Like other point products, compression devices have evolved with the changing
needs of IT managers. Initially, symmetric compression was implemented on both
sides of a WAN link (the transmitting end of the connection compressed the
traffic; the receiving end decompressed it). However, this scheme is feasible
only as long as the same devices are used at both ends of a link. And, that's
not really a problem when a single company or carrier owns the lineman-an
increasingly rare occurrence.
But the rise of extranets, remote access, Web applications such as portals
and e-commerce, and global networks make that kind of control impossible. The
asymmetrical nature of today's networks rules out symmetric compression.
And, asymmetrical compression? The only practical implementation in this
case, uses browser-compatible Gzip compression at the datacenter. Since
pre-compression is not possible with dynamic data and server-based compression
is too compute-intensive, IT administrators began using dedicated standalone
compression appliances. Once again, this is a far-from-perfect approach. It does
not work with server-encrypted data and network topologies where SSL
accelerators encrypt data before it's compressed. Also, compression appliances
only work with Web data; they can't handle files, client-server applications,
e-mail, and other multiprotocol data.
Streamlining the Systems
The best way to solve the problem is to make sure that a single system can
decrypt encrypted data streams, compress all application data, and encrypt it
before transmitting it over the Internet. For non-Web applications, data must be
decompressed on the client machine, before being presented to the requesting
applications.
Ideally, this integrated system also would be able to encrypt, compress, and
cache content, as well as ensure application availability via advanced
application switching capabilities such as interactive priority queuing.

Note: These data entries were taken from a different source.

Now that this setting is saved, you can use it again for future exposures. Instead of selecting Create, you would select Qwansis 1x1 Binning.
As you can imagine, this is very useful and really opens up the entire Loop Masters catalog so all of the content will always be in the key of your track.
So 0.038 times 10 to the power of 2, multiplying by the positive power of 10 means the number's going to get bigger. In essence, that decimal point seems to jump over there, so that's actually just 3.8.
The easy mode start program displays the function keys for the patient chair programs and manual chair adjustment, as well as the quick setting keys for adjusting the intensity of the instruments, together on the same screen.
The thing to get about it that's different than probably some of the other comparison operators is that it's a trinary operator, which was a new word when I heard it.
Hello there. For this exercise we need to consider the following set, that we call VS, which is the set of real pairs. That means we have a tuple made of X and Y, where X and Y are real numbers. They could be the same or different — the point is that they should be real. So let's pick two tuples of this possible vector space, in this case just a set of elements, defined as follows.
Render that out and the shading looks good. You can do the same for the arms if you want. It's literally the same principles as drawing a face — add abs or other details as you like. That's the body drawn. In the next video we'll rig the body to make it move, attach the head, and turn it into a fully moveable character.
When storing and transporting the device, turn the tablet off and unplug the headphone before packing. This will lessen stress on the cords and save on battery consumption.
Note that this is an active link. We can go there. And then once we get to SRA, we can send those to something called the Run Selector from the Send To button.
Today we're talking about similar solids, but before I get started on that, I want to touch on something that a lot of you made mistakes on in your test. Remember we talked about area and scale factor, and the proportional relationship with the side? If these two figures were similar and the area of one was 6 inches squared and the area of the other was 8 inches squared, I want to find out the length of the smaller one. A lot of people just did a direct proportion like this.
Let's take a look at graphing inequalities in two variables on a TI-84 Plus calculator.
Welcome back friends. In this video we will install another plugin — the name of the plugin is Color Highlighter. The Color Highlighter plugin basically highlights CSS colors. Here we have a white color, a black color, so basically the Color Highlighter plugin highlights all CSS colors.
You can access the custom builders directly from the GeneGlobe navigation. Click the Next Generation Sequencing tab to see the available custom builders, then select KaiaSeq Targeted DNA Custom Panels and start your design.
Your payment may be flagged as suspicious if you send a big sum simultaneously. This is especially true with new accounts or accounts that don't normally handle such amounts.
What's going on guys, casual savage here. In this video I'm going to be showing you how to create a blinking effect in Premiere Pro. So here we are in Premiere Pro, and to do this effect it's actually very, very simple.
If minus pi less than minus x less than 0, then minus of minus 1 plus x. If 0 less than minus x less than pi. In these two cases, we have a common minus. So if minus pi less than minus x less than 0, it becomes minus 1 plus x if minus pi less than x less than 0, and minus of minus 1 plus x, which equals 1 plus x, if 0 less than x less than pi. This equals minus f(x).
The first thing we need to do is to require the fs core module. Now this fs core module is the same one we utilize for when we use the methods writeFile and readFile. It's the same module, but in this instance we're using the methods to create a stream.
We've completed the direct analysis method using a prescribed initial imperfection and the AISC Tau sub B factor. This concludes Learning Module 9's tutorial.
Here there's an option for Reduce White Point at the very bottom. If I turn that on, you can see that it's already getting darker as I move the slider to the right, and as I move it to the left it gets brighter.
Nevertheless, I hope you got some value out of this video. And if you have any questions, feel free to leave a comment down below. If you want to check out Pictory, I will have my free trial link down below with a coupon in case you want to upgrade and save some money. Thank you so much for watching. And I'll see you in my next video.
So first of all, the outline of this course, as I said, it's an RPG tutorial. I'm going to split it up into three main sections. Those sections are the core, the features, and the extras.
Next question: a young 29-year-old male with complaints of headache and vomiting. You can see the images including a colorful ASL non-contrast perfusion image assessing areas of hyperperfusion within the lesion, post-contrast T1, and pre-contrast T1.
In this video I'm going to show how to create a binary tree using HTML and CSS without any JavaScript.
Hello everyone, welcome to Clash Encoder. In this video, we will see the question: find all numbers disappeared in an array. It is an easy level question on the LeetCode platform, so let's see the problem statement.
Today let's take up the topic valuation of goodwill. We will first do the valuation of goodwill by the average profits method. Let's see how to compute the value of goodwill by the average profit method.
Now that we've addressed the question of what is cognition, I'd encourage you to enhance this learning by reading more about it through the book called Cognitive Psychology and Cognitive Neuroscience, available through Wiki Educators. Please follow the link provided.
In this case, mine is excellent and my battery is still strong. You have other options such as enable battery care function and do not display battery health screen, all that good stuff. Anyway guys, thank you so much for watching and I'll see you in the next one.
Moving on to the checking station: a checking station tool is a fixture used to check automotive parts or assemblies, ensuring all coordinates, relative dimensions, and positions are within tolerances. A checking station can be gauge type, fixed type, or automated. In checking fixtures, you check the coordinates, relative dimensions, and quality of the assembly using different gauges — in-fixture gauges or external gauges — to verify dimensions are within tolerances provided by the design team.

Integration is always more cost-effective than proliferation. That's true
not just from the financial standpoint but from the management perspective as
well. In addition, a unified application delivery solution eliminates the
problem of point products working at cross-purposes. All the components act in
concert to achieve the desired result.
Today, having recognized this need, application delivery systems have become
just such a solution. They combine all the capabilities of conventional load
balancers, traffic managers, and remote access systems, while adding advanced
application-based functions. These systems integrate application optimization,
security, and switching into a single, seamless integrated solution that holds
down cost of ownership.
These systems today are geared up for optimization features which include
application-layer compression and caching. They deliver some of the industry's
fastest compression technologies and are capable of compressing all application
traffic to every user over all IP links. Both static and dynamic data caching
are provided.
The inbuilt security features ensure that all application traffic can be
encrypted end-to-end at wire speed protection against DoS (Denial of Service)
attacks, as well as application and network-level safeguards against flood
attacks. To complete its security arsenal, it performs intrusion filtering to
ward off worms and viruses.
Supporting the delivery of applications for any organization is perhaps the
most important service IT provides. Ensuring that the system is available
requires not only a stable application environment, but also a high performing
and secure method of distribution. Fortunately IP networking and the browser
have enabled the distribution; the real trick is ensuring performance to
end-users, while providing necessary security.